SB 2322 starts by removing effectively every reference to the administrative office of the courts (AOC) and the state court administrator and replaces them with the office of the comptroller of the treasury or its head, the state treasurer. The AOC itself would still exist, but as a part of the office of the comptroller of the treasury. Statutory references to the Supreme Court’s ability to “direct” the state court administrator would be changed to provide the Supreme Court could only “urge” an action be taken. All AOC documents would be made open to public inspection as well as those of the board of professional responsibility which oversees attorney discipline in the state.
SB 2322 moves on to disbanding the state’s judicial disciplinary body (board of judicial conduct) and transferring the power to discipline judges to a new judicial standards and review board under the administration of the state treasurer. The board would be made up of appointees by the governor, house speaker, and senate speaker; current or former judges would be prohibited from serving.
In the area of capital punishment the bill effectively eliminates judge’s abilities to extend filing and other deadlines associated with death penalty cases. Fines and reimbursement would be assessed against attorneys if they are paid for by the state and the capital conviction is later overturned due to ineffective assistance of counsel; the attorneys would also be subject to disbarment. Judges would be forced to render decisions on motions and petitions related to death penalty cases within certain deadlines and existing deadlines shortened.
In the area of judicial performance, all documents held by the Judicial Performance Evaluation Commission would be made public and the Commission disbanded.
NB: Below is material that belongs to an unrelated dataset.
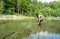 Fly fisherman flyfishing in river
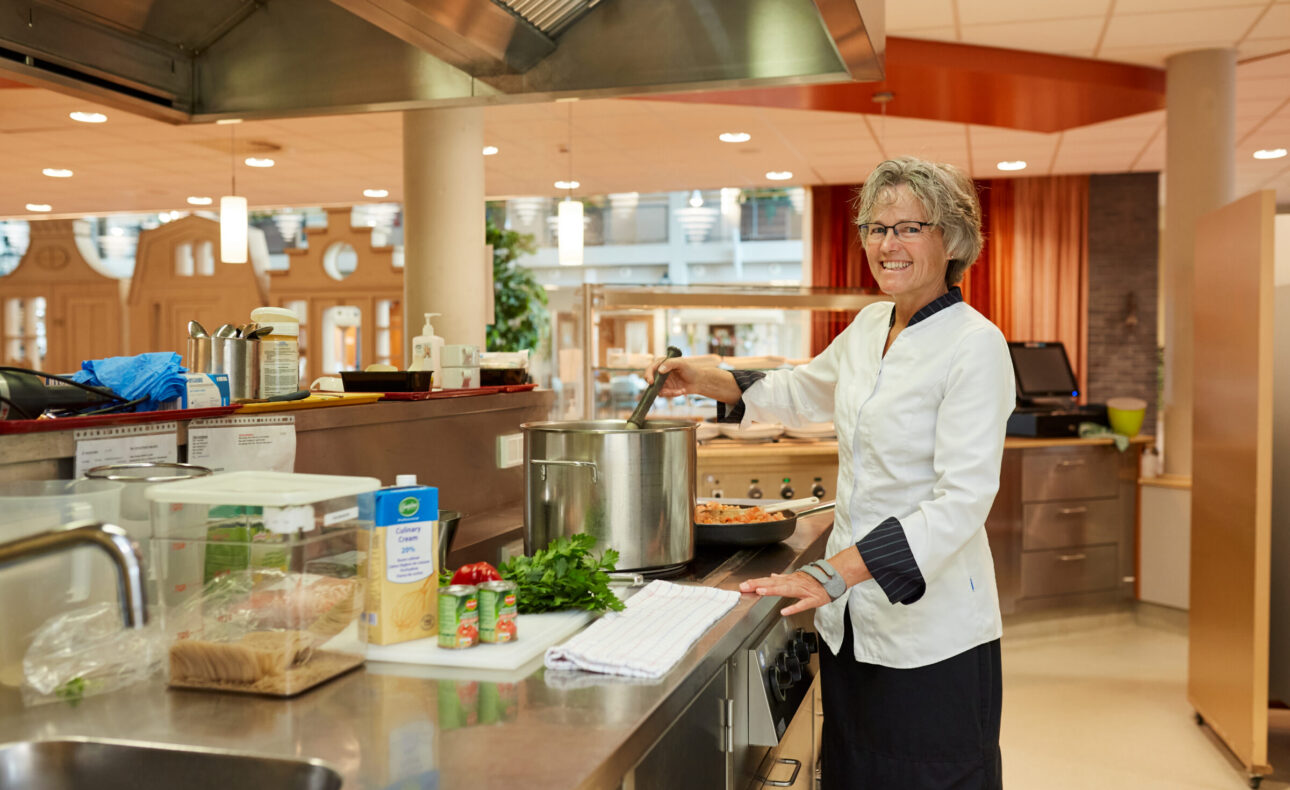 Een medewerker voedingdienst is aan het koken.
There is a portion of the bill contending with judicial selection in case the November 2014 ballot item to shift to a quasi-federal system is rejected. Instead, a quasi-merit selection system would be put in place. The (defunct) Judicial Nominating Commission would be disbanded and as replaced with a new body chosen by the governor and legislative leaders and attached to the office of the comptroller of the treasury. Vacancies in judicial office due to death, resignation, etc. would have to be filled based on lists provided by the new board of judicial nominations. Thereafter those appointed would have to be re-elected in contested (as opposed to retention) elections. The judges of the state’s appellate courts would cease to be elected statewide and would have to be elected by district.